There is a big variation in these routines because console input speed almost never matters.
And where it does (Unix shell) the code is written in C, reads directly from the stdin device and is efficient.

At the risk of being downvoted, I/O streams are, in general, slower and bulkier than their C counterparts. That's not a reason to avoid using them though in many purposes as they are safer (ever run into a scanf or printf bug? Not very pleasant) and more general (ex: overloaded insertion operator allowing you to output user-defined types). But I'd also say that's not a reason to use them dogmatically in very performance-critical code.
I do find the results a bit surprising though. Out of the three you listed, I would have suspected this to be fastest:
char command[5];
cin.ignore();
cin.read(command, 5);
Reason: no memory allocations needed and straightforward reading of a character buffer. That's also true of your C example below, but calling scanf to read a single character repeatedly isn't anywhere close to optimal either even at the conceptual level, as scanf must parse the format string you passed in each time. I'd be interested in the details of your I/O code as it seems that there is a reasonable possibility of something wrong happening when scanf calls to read a single character turn out to be the fastest. I just have to ask and without meaning to offend, but is the code truly compiled and linked with optimizations on?
Now as to your first example:
std::string command;
std::cin >> command;
We can expect this to be quite a bit slower than optimal for the reason that you're working with a variable-sized container (std::string) which will have to involve some heap allocations to read in the desired buffer. When it comes to stack vs. heap issues, the stack is always significantly faster, so if you can anticipate the maximum buffer size needed in a particular case, a simple character buffer on the stack will beat std::string for input (even if you used reserve). This is likewise true of an array on the stack as opposed to std::vector but these containers are best used for cases where you cannot anticipate the size in advance. Where std::string can be faster would be cases where people might be tempted to call strlen repeatedly where storing and maintaining a size variable would be better.
As to the details of gprof, it should be highlighting those issues.
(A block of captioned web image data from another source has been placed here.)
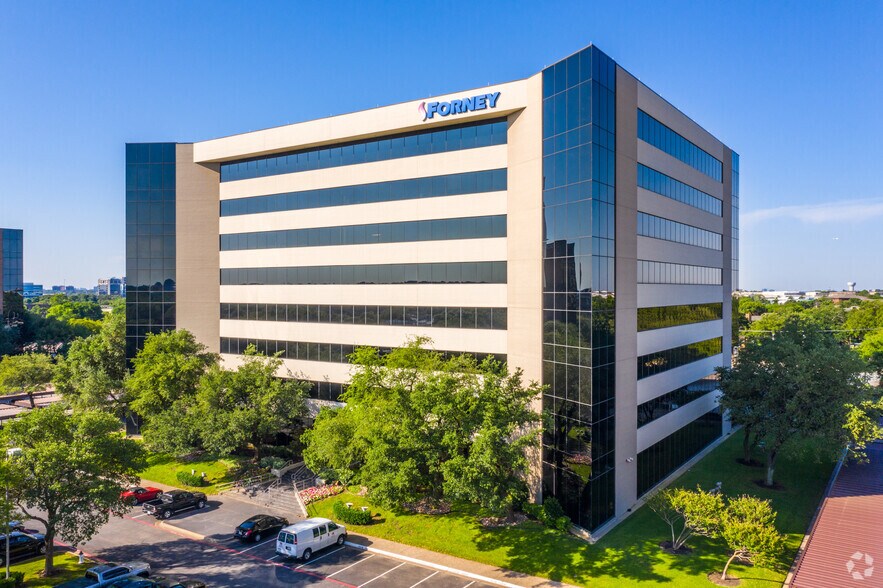 More Photos Of 16479 Dallas Pky, Addison Office For Sale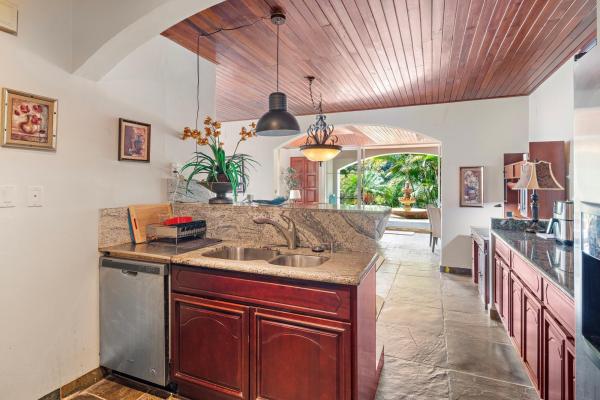 Elegante casa estilo colonial en valle escondido boquete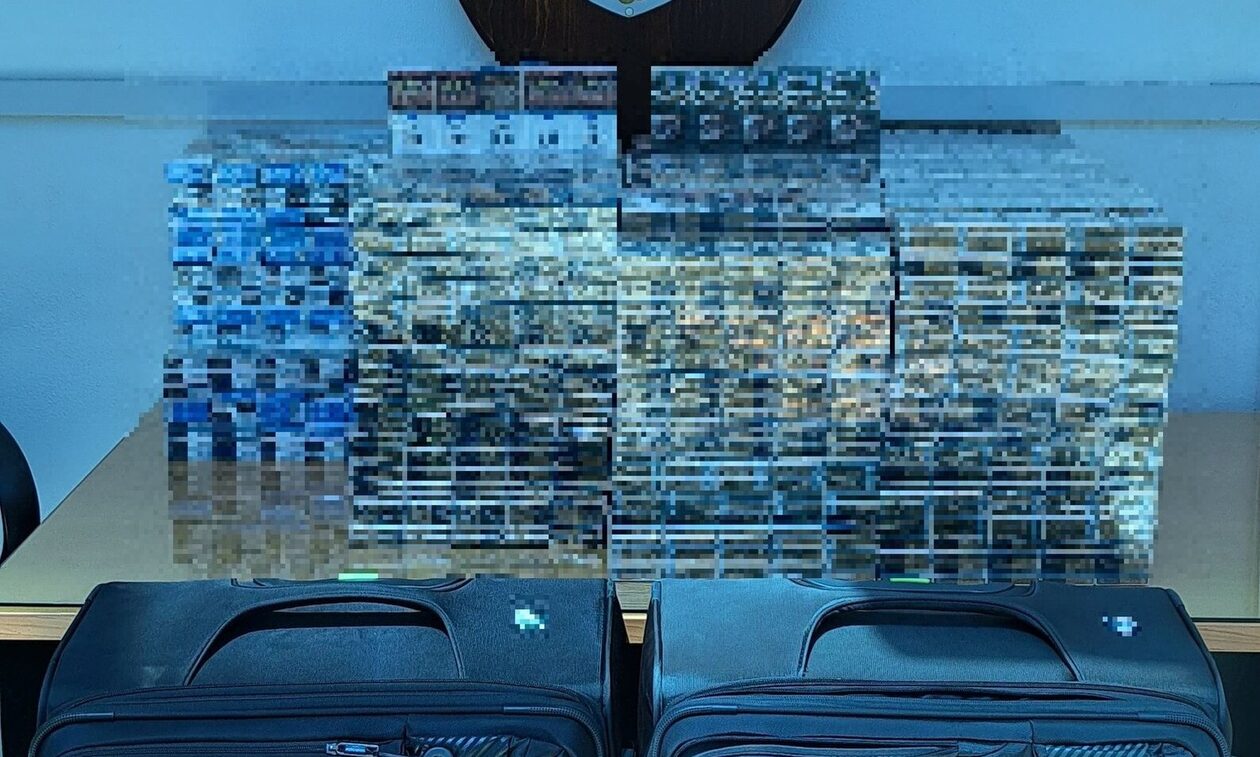 Ηγουμενίτσα: Χειροπέδες σε 27χρονο που διακινούσε λαθραία τσιγάρα – Έκρυβε στο αυτοκίνητό του 3.340 πακέτα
Are you looking at the full call graph as opposed to a flat profile? Naturally the flat profile could be misleading in this case. I'd have to know some further details on how you are using gprof to give a better answer.

gprof only samples during CPU time, not during blocked time.
So, a program may spend an hour doing I/O, and a microsecond doing computation, and gprof will only see the microsecond.
For some reason, this isn't well known.

By default, the standard iostreams are configured to work together and with the C stdio library — in practice this means using cin and cout for things other than interactive input and output tend to be slow.
To get good performance using cin and cout, you need to disable the synchronization with stdio. For high performance input, you might even want to untie the streams.
See the following stackoverflow question for more details.
How to get IOStream to perform better?

Related

Fortran Print Statements Performance Effects

I just inherited some old Fortran code that has print statements everywhere (when it runs, the matrix streams by). I know these print statements are useless because I cannot tell what the program is printing as it is going by so fast. But is there a significant performance impact to having a lot of print statements in a Fortran program (i.e. does an overly verbose program take longer to execute)? It seems like it would as it is another line to execute, but I don't know if it is significant.
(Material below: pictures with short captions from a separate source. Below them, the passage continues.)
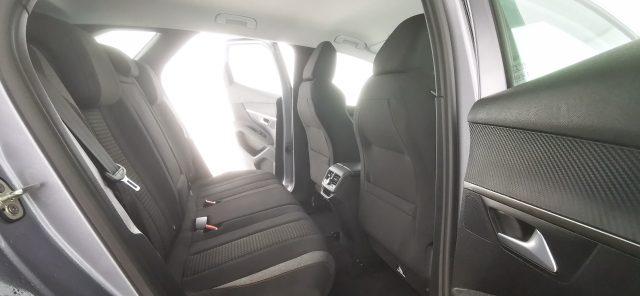 PEUGEOT 3008 BlueHDi 130 S&S Active Business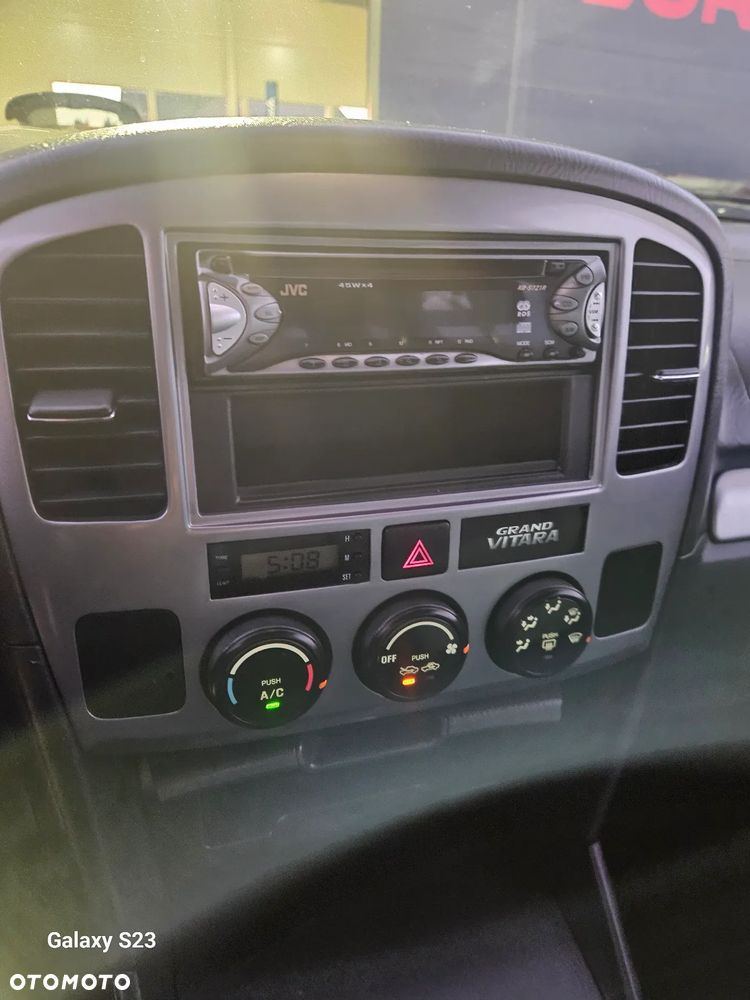 Suzuki Grand Vitara 2.0 TDi - 11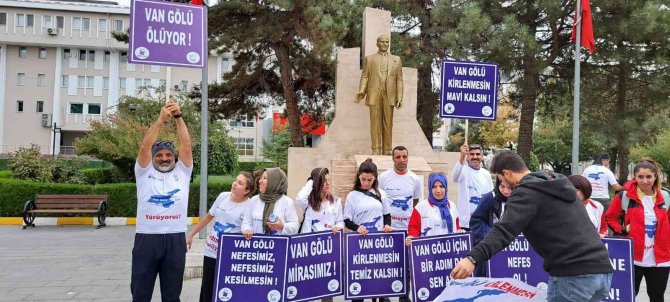 Kadınlar Van Gölü İçin 430 Kilometre Yürüdü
In general, yes, I/O is "relatively costly" to execute since you have to do things like formatting numbers - especially floating point numbers, even if those procedures are highly optimized. However, one of the biggest costs (the system call to actually perform the I/O after the buffer to write has been prepared) is amortized in good compilers/runtimes since the I/O statements are usually buffered by default. This helps cut down the number of system calls significantly, thus reducing delays caused by frequent context switching between your app and the OS.
That said, if you are worried about the performance hit, why don't you try to comment every PRINT or WRITE statement and see how the runtime changes? Or even better, profile your application and see the amount of time spent on I/O and related routines.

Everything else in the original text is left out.